Inexistence d’une caisse de retraite               

Des associations actives dans le secteur de l’éducation fustigent le manque d’une caisse de retraite pour enseignants. «Les enseignants qui n’ont pas cotisé pour une caisse de retraite… Donc il y a de sérieuses craintes que la pension de retraite ne soit pas payée », déplore Jacques Tshimbalanga, coordonnateur de la Coalition Nationale pour l’éducation pour tous, (CONEPT). Il considère que la question de la mise à la retraite n’a pas été suffisamment étudiée.

Cette caisse de retraite a finalement été rendue opérationnelle au mois d’août dernier après des discussions entre le ministère de tutelle et le banc syndical. Elle sera officiellement mise en œuvre à la fin du mois d’octobre. Est-ce que les nouveaux retraités en seront aussi bénéficiaires, Ludovic Liandja ne rassure pas. Mais elle attend que la caisse « améliore les conditions de vie des enseignants retraités ».

Une attente mitigée dans les provinces

A Bukavu, dans l’Est du pays, deuxième étape de cette opération, l’espoir ne fait pas vivre les enseignants éligibles à la retraite. Symphorien Mushera ,70 ans traine une carrière de cinquante ans. Les informations venues de Kinshasa au sujet des allocations ne le rassure pas. « On parle d’un frigo et d’une somme de 2500 dollars, est-ce vraiment une retraite honorable ou c’est une façon, pour le gouvernement, de se débarrasser de gens ? » s’interroge-t-il.

Comme Symphorien, les retraités seront remplacés par une nouvelle génération. Mais pour Symphorien, cela n’augure pas un bel espoir pour « les nouvelles unités. « l’Etat congolais est incapable d’envoyer les gens à la retraite », souligne le septuagénaire.

Parmi ces nouvelles unités figure Inès Ilunga, 20 ans. Elle enseigne dans une école primaire à Kolwezi dans le Lualaba.
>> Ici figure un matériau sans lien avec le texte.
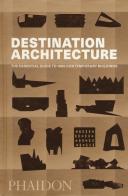 Destination architecture. The essential guide to 1000 contemporary buildings . Ediz. illustrata edito da Phaidon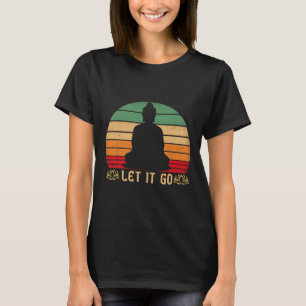 Lass Los Buddha Meditation Vintage Zen Buddhist T-Shirt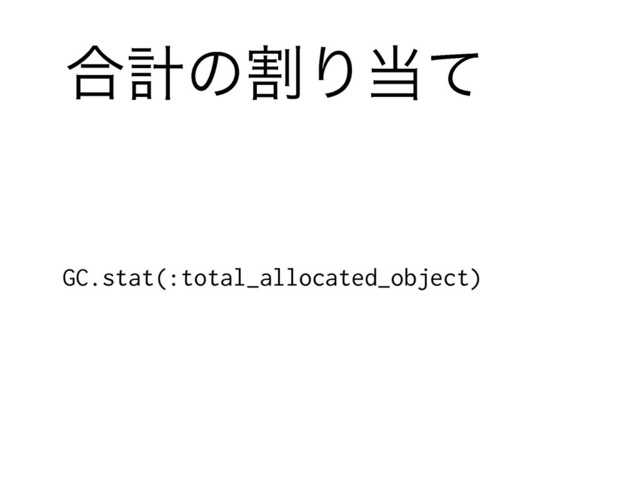 ߹ܭͷׂΓ౰ͯ
GC.stat(:total_allocated_object)
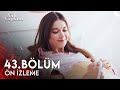 Yalı Çapkını 43 Bölüm Ön İzleme Ben Baba Oluyorum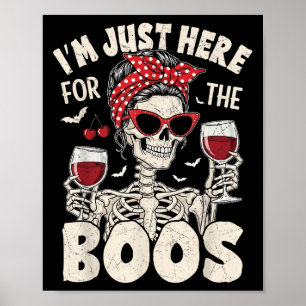 Poster Halloween Femmes Drôle Je Suis Juste Ici Pour Les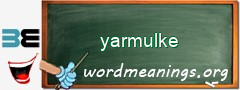 WordMeaning blackboard for yarmulke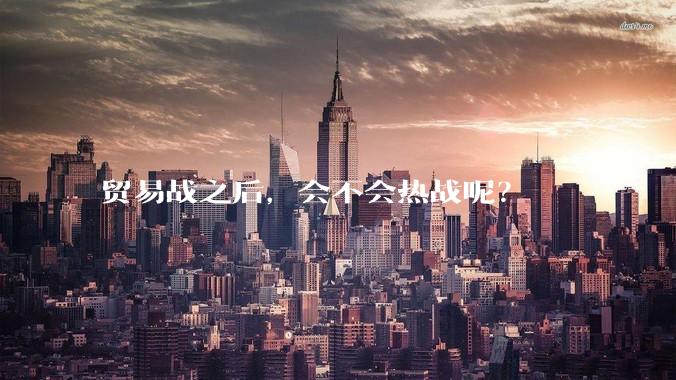 贸易战之后，会不会热战呢？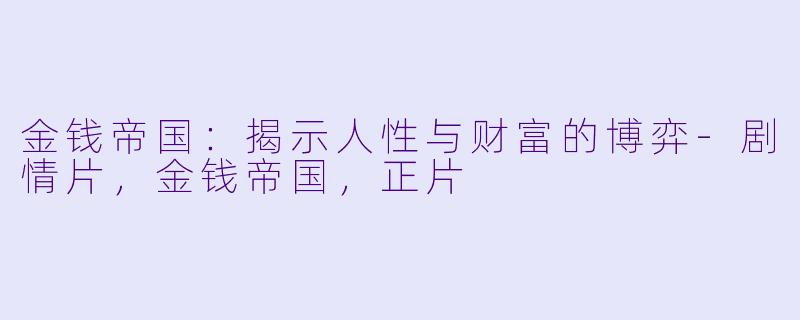 金钱帝国：揭示人性与财富的博弈-剧情片，金钱帝国，正片
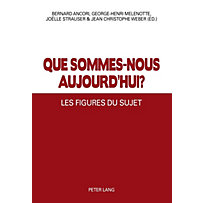 Peter Lang AG, Internationaler Verlag der Wissenschaften: Que sommes-nous aujourd'hui ? Peter Lang AG, Internationaler Verlag der Wissenschaften: Que sommes-nous aujourd'hui ?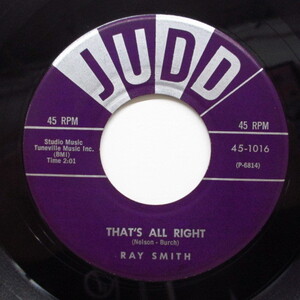 RAY SMITH-That’s All Right (Orig)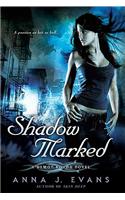 Shadow Marked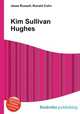 Kim Sullivan Hughes, Jesse Russell,Ronald Cohn 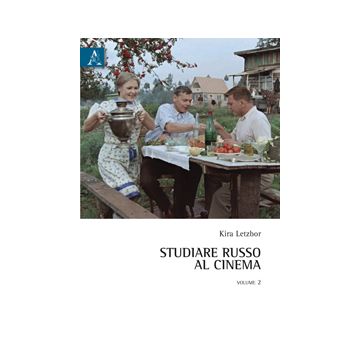 Studiare Russo Al Cinema - Letzbor Kira - Aracne - 9788854866690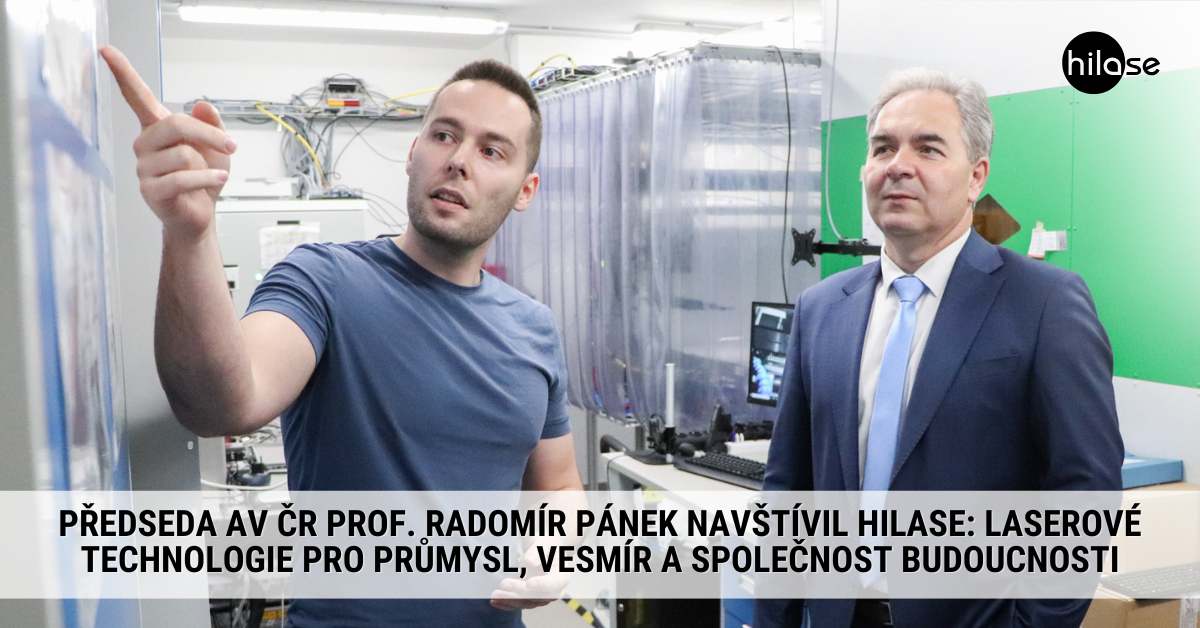 Předseda AV ČR prof. Radomír Pánek navštívil HiLASE Laserové technologie pro průmysl, vesmír a společnost budoucnosti (1)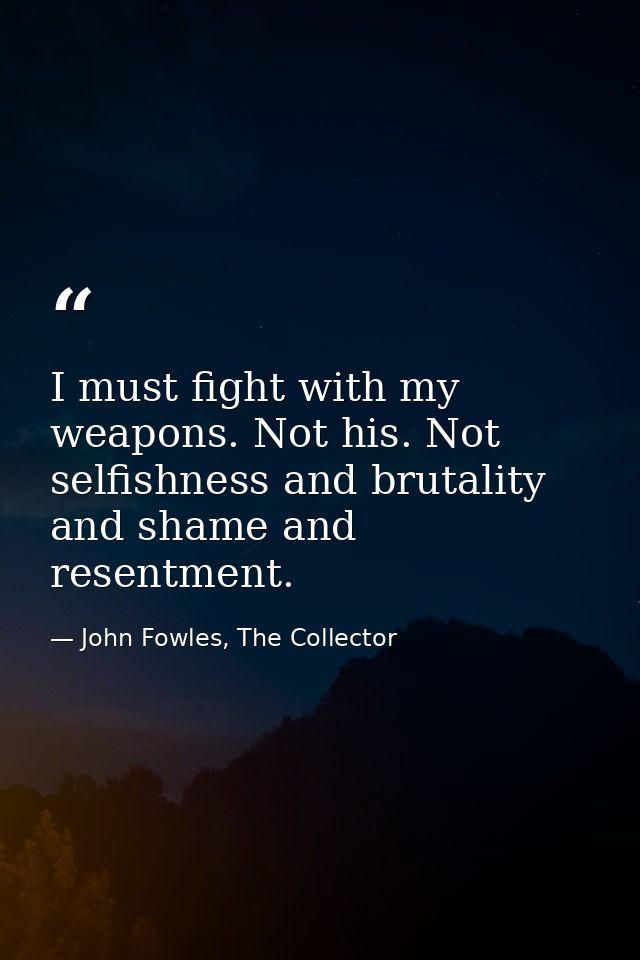 I must fight with my weapons. Not his. Not selfishness and brutality and shame and resentment. — John Fowles, The Collector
Après une année dans le métier, Inès est passionnée.  Si elle reste confiante quant à la relève, la jeune dame ne cache pas ses inquiétudes face aux conditions sociales de l’enseignant congolais. « Je me demande pourquoi les enseignants ne sont pas bien payés dans notre pays, toutes les autorités du pays sont au moins passés  entre les mains d’un enseignant. » regrette –t-elle.

Le processus de mise à la retraite concerne 87.000 enseignants. Selon les prévisions du ministère de l’EPST, il concerne 1500 enseignants chaque mois. L’opération pourrait donc prendre plus de 4 ans.